This place is about Cancer Awareness and its related issues which might have serious implications on the lives of patients in the absence of proper Knowledge/Awareness/Insight OR if not taken seriously the consequences of this deadly disease.
Awareness about Cancer – Cure, Hope, …….. “Breast Cancer Myths and Facts”
You may have heard that chemicals in antiperspirants can get into your body through razor nicks and cause breast cancer. If this idea makes you break out in a cold sweat, here’s some peace of mind: Experts say there’s no evidence this is true.
Don’t panic if you find a lump. Most aren’t cancer. Many women have lumps caused by fluid-filled sacs called cysts or a buildup of scar-like tissue. But a new lump or mass that is hard, painless, and has rough edges may be more likely to be cancer. Breast cancers also can be tender, soft, or round. Watch for breast pain, swelling, dimpling, nipples that hurt or leak liquid, or any redness or thickening of the skin. Always see your doctor if you notice anything different.
Women who have many children and get pregnant at a younger age have a lower risk. That may be because pregnancy reduces a woman’s total number of periods. Scientists think more exposure to period-related hormones may increase breast cancer risk.
In the 14th century, breast cancer was so common among religious women, most of whom had no children, that it became known as nuns’ disease.
Anyone with breast tissue can get breast cancer, even men. But some things make it more likely. Breast cancer in your family -- on your mother’s side or your father’s -- raises your chances. You’re also more likely to get breast cancer if you’ve had it before. Most women have some risk factors, but most don’t get the disease.
One in eight women in the U.S. will develop breast cancer in her lifetime. Breast cancer is about 100 times more common among women, although men can get it, too. Age is another factor; 2 out of 3 women with invasive breast cancer are age 55 or older.

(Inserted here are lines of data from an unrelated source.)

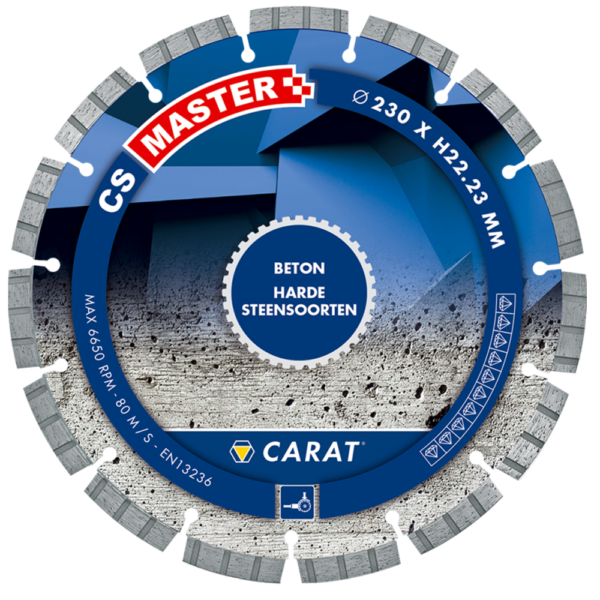 Carat Diamant Zaagblad Beton CS-Master 350 Mm Voor Asgat 20 Mm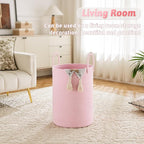 Artfeel Laundry Basket,Woven Cotton Rope Laundry Hamper,80L for Decorative Storage of Dirty Clothes,Toys and Blankets in Bathroom,Baby Room and Living Room - Image 2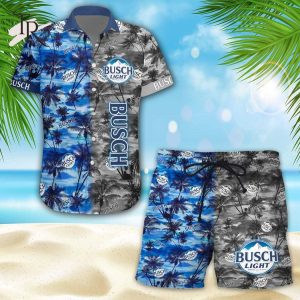 Busch Light Combo Aloha Hawaiian Shirt & Shorts Set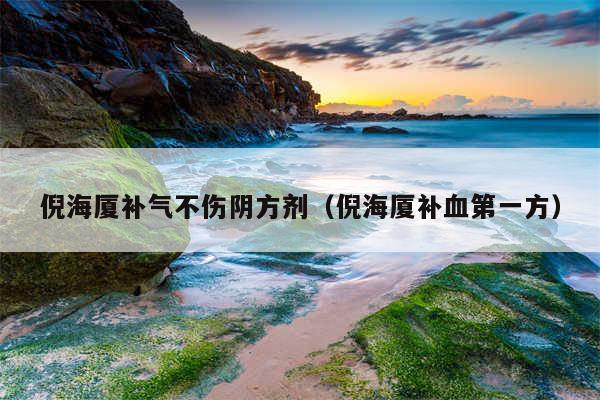 倪海厦补气不伤阴方剂(倪海厦补血第一方)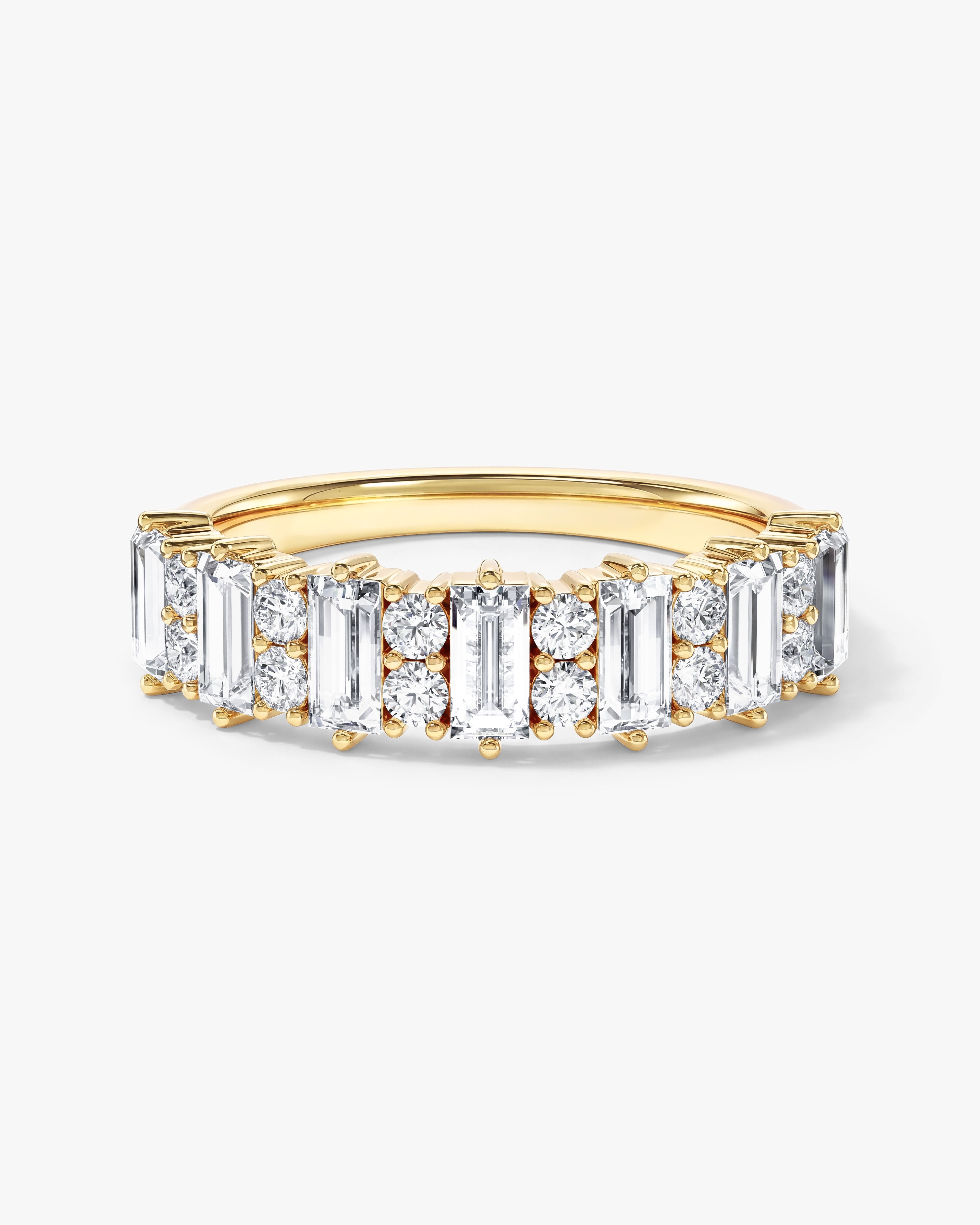 Ewigkeitsring mit Baguette Diamanten im Säulen-Design (1,20 CT TW)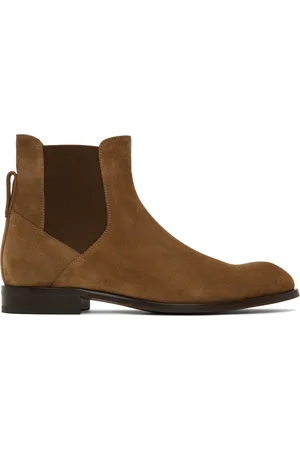 Ermenegildo Zegna Brown Blake Chelsea Boots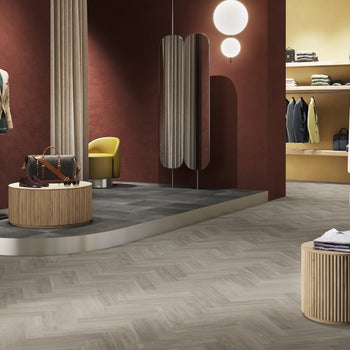 Invictus Maximus LVT Flooring in New England Oak Misty Parquet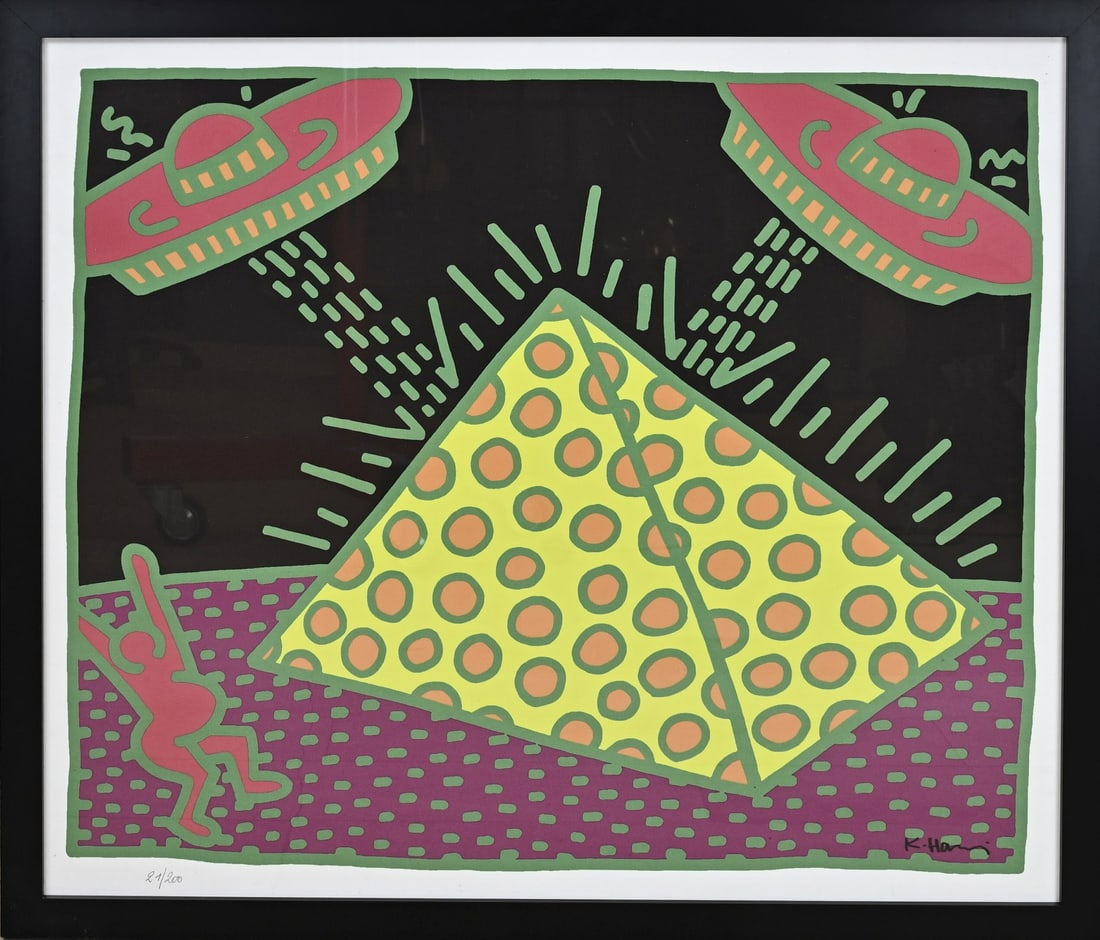 Keith Haring, Cheese and sombreros (1 of 1)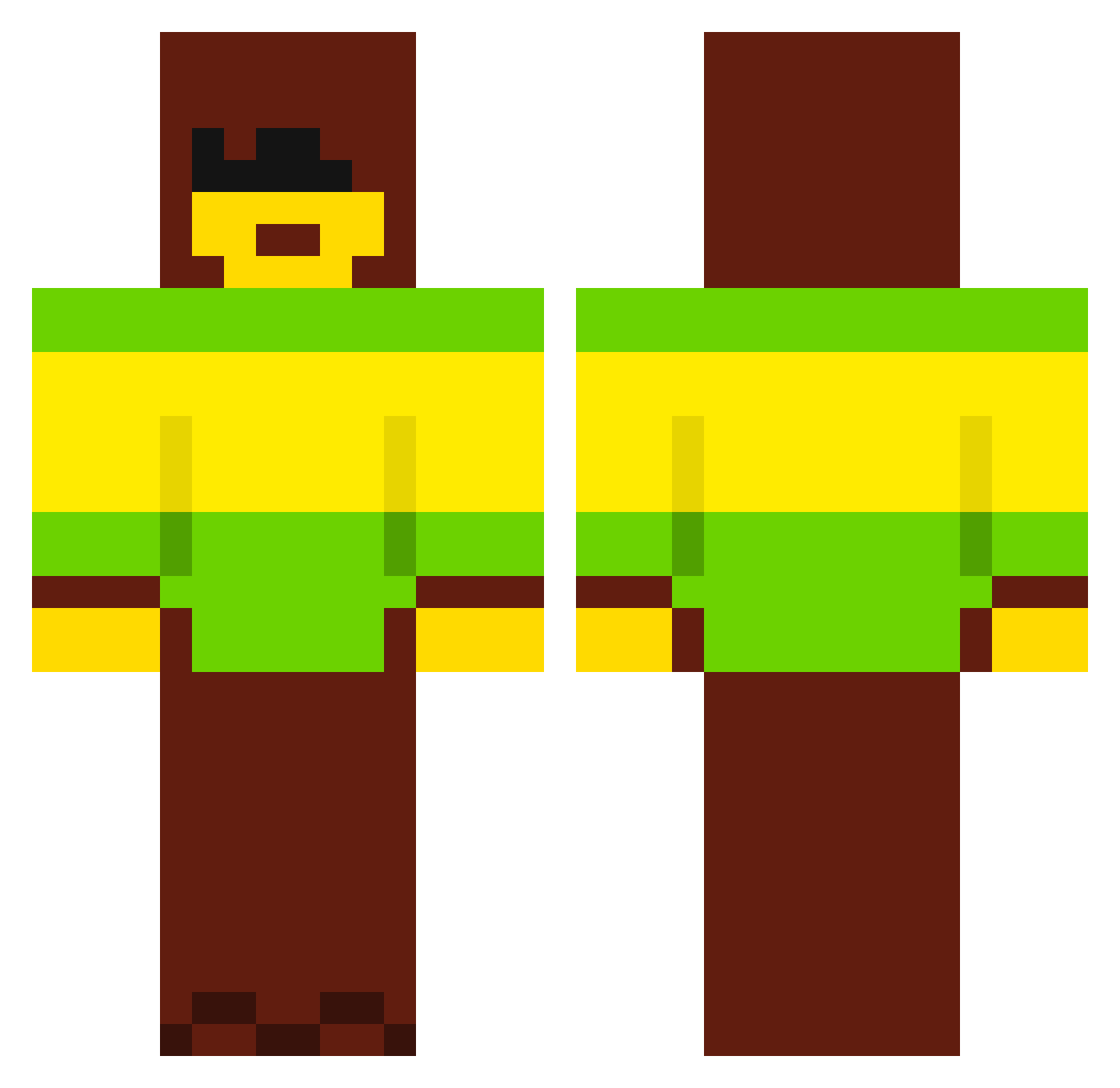 Ollie_1006 Minecraft skin, front and back view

Regular mammograms lower your chances of dying from the disease. The test is an X-ray of the breast. It can find cancer before you can feel it or have symptoms. The American Cancer Society says most women should get one every year after age 40. Don’t worry that the test could harm you. The amount of radiation in mammograms is too small to be a cancer risk.
Some deodorants or antiperspirants have ingredients like aluminum that can show up on the X-ray image as white spots. What else can you do to make the test go smoothly? Schedule the exam when your breasts aren’t swollen or tender. For example, try to avoid the week before your period.
These days, it’s hard to miss that pink is the official color of breast cancer awareness. But the first ribbon for the cause, designed by a breast cancer survivor, was peach. Charlotte Hayley attached the ribbons to cards she handed out at supermarkets. She asked people to wear them to draw attention to the need for breast cancer prevention research.
Here’s another reason to get off the couch: Walking, swimming, biking, and other regular exercise seems to lower breast cancer risk by 10% to 20%. Women who have gone through menopause benefit most from being active, but the American Cancer Society says 150 minutes of moderate exercise throughout the week is good for everyone.